2. Extended Abstracts:

Authors are also welcome to submit a two-page extended abstract that would be considered for inclusion in the program as a talk or poster. The abstract should summarize the problem addressed, the solution presented, a high-level overview of the content of the proposed talk, including key results and takeaways. Extended abstracts are expected to adhere to the following formatting requirements.

    •  Formatted in accordance with 2-column IEEE Conference templates and submitted as PDF documents,

    • No more than 2 pages of text excluding images and references. No more than 3 pages with images and references. Images should be included after the main text for length clarity, as length will be enforced for review standardization.

Irrespective of submission type, reviews will be carried out in a double-blind manner to ensure maximum fairness. This means that reviewers should not know the identities of the authors and authors should not know identities of reviewers. Consequently, submitted manuscripts, whether abstracts or full length papers should include no identification of the authors within the documents.. 

Irrespective of submission type, the data, representations, model settings, evaluation set up, and performance metrics should all be clearly described in the submissions.

Accepted talks will be presented as talks of 20 minutes in length with up to 5 minutes of discussion period after each talk. Talks will also be recorded and made publicly available after the conference. The poster session will be held live and in person during the CAMLIS event. 

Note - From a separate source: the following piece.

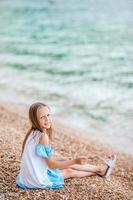 Cute little girl at beach during summer vacation photo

While not required, once accepted (i.e., after the double-blind review process), authors are encouraged to provide code, data, and documentation from their research in a publically accessible forma or repository (e.g., GitHub). This will help to facilitate scientific reproducibility of impactful research within our community and help to generate innovative research in a timelier and streamlined manner.

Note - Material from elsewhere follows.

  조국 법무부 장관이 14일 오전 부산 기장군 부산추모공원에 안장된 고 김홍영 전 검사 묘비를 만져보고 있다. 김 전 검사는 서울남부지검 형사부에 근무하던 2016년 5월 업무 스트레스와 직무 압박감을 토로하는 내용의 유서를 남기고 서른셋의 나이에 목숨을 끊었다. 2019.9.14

We encourage participation from academics working in information security, government research labs, national laboratories, and FFRDCs, and information security data scientists in industry.

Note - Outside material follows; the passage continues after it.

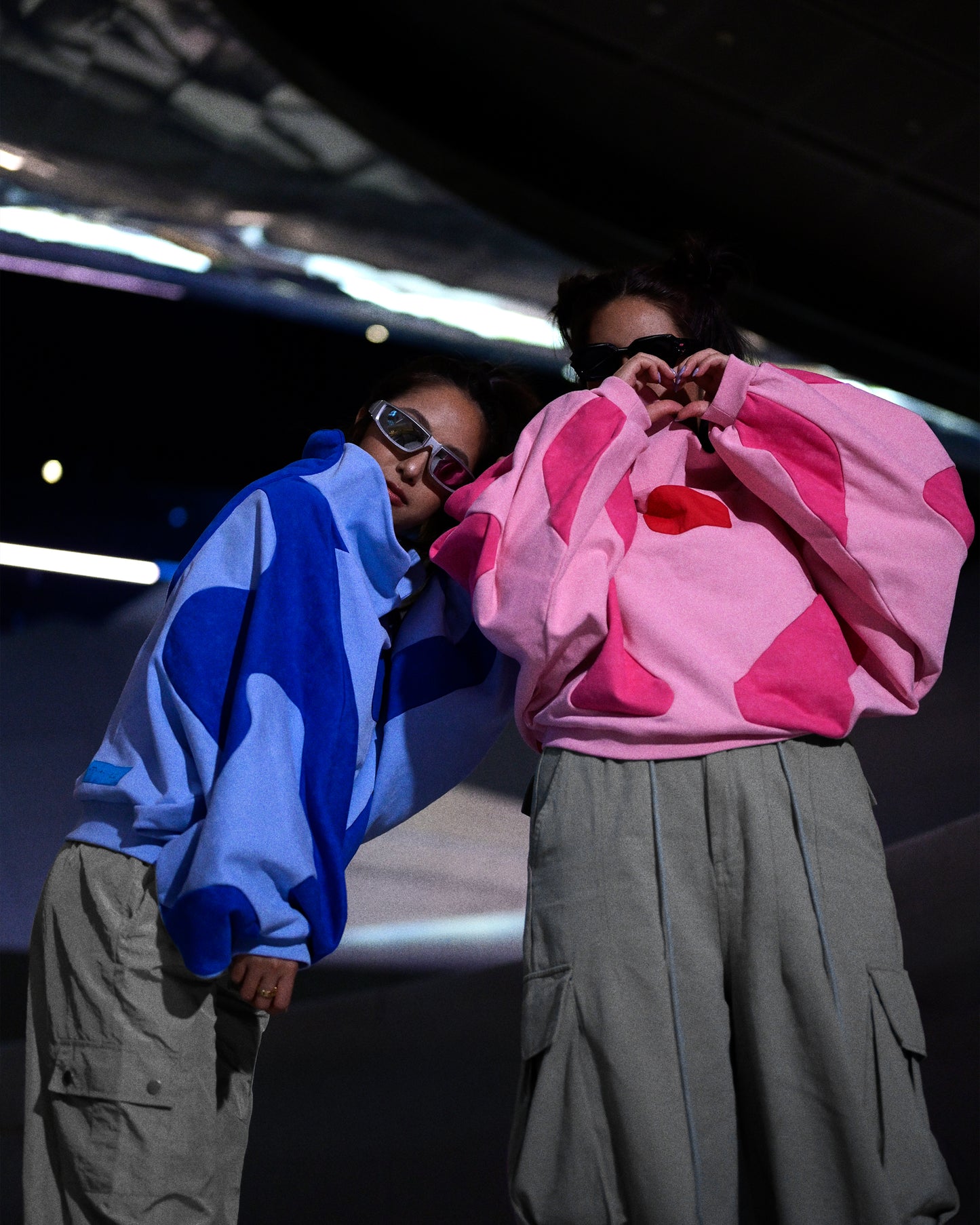 pink artificial love cyberpunk cropped women's sweater, two models view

This year, we are not directly soliciting demos, but we are willing to consider including them as part of accepted talks or posters on an individual basis. If you're interested in exploring this possibility further, please feel free to reach out for more information.

Poster Guidelines:

You will be provided with an easel and 36" x 48" board to fix your poster to. Portrait/tall orientation is recommended, no tri-folds.